Monitor, Log, and Alert CPU Throttling from Overheating on Linux
I’ve been recently dealing with an overheating issue on my Linux machine (Lenovo T420s). Completely perplexed on what was causing it (it wasn’t constant and happened with many different variables at play) and really unsure of when exactly it was happening, I turned to code to paint the picture for me.
That was the tough part for me. I’d grep the systemd journal and notice that these CPU throttling events were happening throughout the day. I had no telemetry on what was happening during the time surrounding my CPU temps as well as what my system load was.
Not to mention, when these issues happened I was usually none-the-wiser and therefore couldn’t do any troubleshooting during the CPU throttling events.
Here’s what I ended up with…
I wrote a Python script (GitHub) that does a few things. First and foremost, I wanted to know every minute on the minute what my CPU core temps were regardless of whether I’m getting throttled or not so that I had the option to chart this (I haven’t done this, as I think I’ve found the culprit but I wanted to keep my options open). I also wanted to know if my laptop fan was functioning as desired in relation to the CPU temps, so I needed to grab fan RPM.

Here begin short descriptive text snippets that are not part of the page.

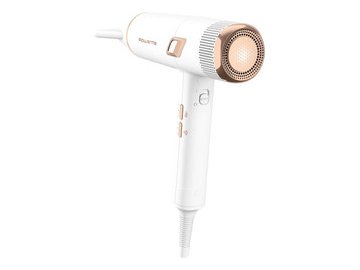Фен ROWENTA CV9910F0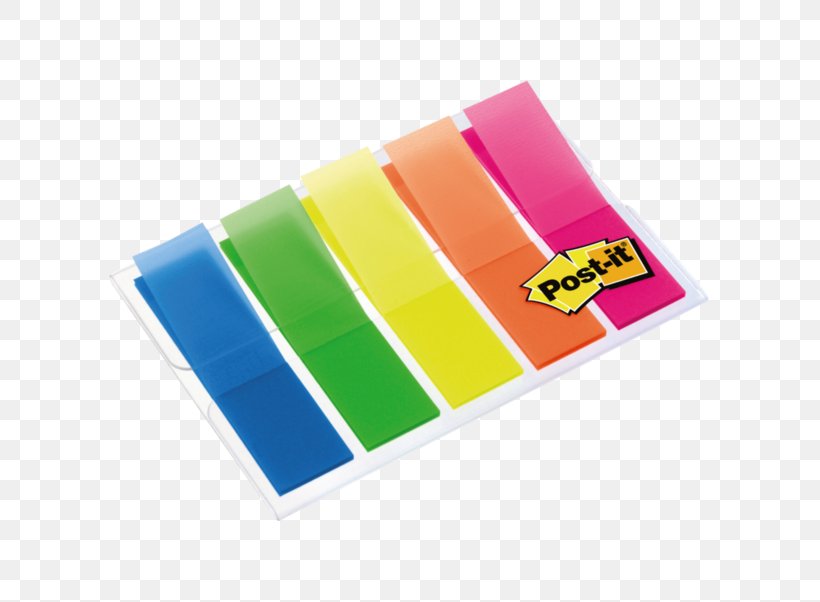 Post-it Note Office Supplies Yellow Printus Highlighter, PNG, 741x602px, Postit Note, Color, Dhl Express, Green, Highlighter Download Free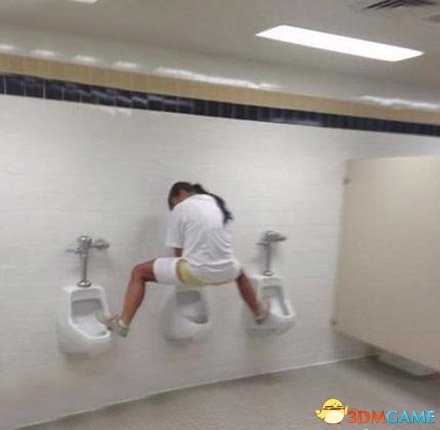 ıЦ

Likewise, an obvious significant factor here is system load. And lastly, since I really care about my CPU being throttled I needed to not only monitor for these events in the systemd journal but I wanted to be alerted when they happened.
The script relies heavily on the
lm_sensors package. On my Fedora 26 machine, that was as simple as
dnf install -y lm_sensors.
For the notification part, I wanted a desktop notification. Because I’m a GNOME desktop environment user, I’d issue the
notify-send command. Here’s what the experience looks like…

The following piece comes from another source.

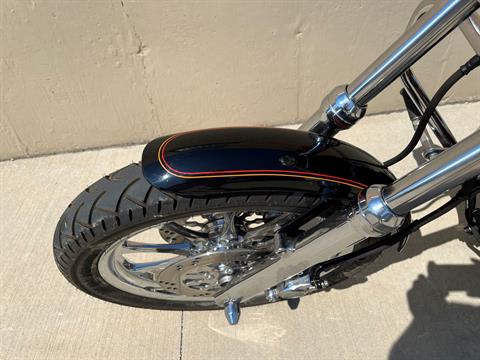 1994 Harley-Davidson FXDL in Roselle, Illinois - Photo 4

Of course, I needed to run this script every minute to get the desired effect so I just added the following to my crontab:
* * * * * /home/trstringer/dev/python/temp-monitor/app.py.
In the end, these notifications and metrics that were logged (CSV) allowed me to pinpoint exactly what was causing this (it ended up being related to my laptop be docked. Not great news, but obviously avoidable!).
Note, this script is very GNOME-specific. In the off-chance you, too, need to do this type of monitoring, fork the repo and refactor out the DE specific code!